Presentation Instructions

Instructions

All students of PHIL 453/553-01 are required to make at least one presentation over the course of the semester. (Graduate students will make two.) Presentations will be given on Thursdays, and will be aimed at facilitating class discussion of one of the pieces of secondary literature assigned for that week.

Students can sign up for presentations via Blackboard. The deadline for choosing a presentation date and topic is 2 March by 23:59. Students who have not signed up by that time will have a date and topic chosen by me.

Presentation Format and Questions

Each presentation must be accompanied by a slide show, which will be submitted to me on the day of the presentation. Slide shows should dedicate a slide (or a section of the slide show) to answering each of the following questions.

Additionally, presenters will be asked to share discussion questions—which may or may not be identical to the student’s answer to question 5 below—no later than the Tuesday before the Thursday they are scheduled to present

  1. What is the problem or puzzle the paper addresses?

    Since the papers we will be discussing are interpretive, aimed at developing and defending a reading of a passage (or set of passages) of Aristotle’s corpus, the problem/puzzle in question will most likely concern an interpretive difficulty, a challenge for understanding some aspect of Aristotle’s thought.

  2. How have scholars previously proposed to address or solve the problem with which the paper is concerned?

    That is, what other interpretations does the author intend to criticize?

  3. What alternative does the author propose?

    How does the author, in contrast to previous scholars, propose to address or solve the problem in question?

  4. Why does the author think their alternative is superior to previous attempts to solve or address the problem?

    What evidence and/or arguments does the author put forward in favor of their interpretation, and why, according to the author, do these considerations rule out competing proposals?

  5. What questions might be raised about the author’s proposal?

    Do the considerations the author puts forward in favor of their interpretation in fact provide conclusive support for that interpretation?
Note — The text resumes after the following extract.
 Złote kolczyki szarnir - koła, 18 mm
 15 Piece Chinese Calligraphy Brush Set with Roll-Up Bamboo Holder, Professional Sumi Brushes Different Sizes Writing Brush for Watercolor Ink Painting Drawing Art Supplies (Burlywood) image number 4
What other substantive questions arise if the author’s interpretation is correct? What response(s) might be given on behalf of the interpretations the author criticizes?

Assessment

Presentations are worth a maximum of 20 points and will be assessed on the quality of their answers to the above questions.

Quality Points Earned Student Performance
Superlative 20–18 Answers to all questions are clear, concise, and insightful.
Excellent 17–16 Answers to all questions are clear and concise, but perhaps not insightful.
Satisfactory 15–14 Answers to most questions are clear and perhaps insightful.
Needs Work 13–12 Answers to most questions are clear, but none are especially insightful.
Needs Serious Work 11–10 Answers to most questions are unclear.
Unsatisfactory 10–0 Answers to all questions are either unclear or incomplete.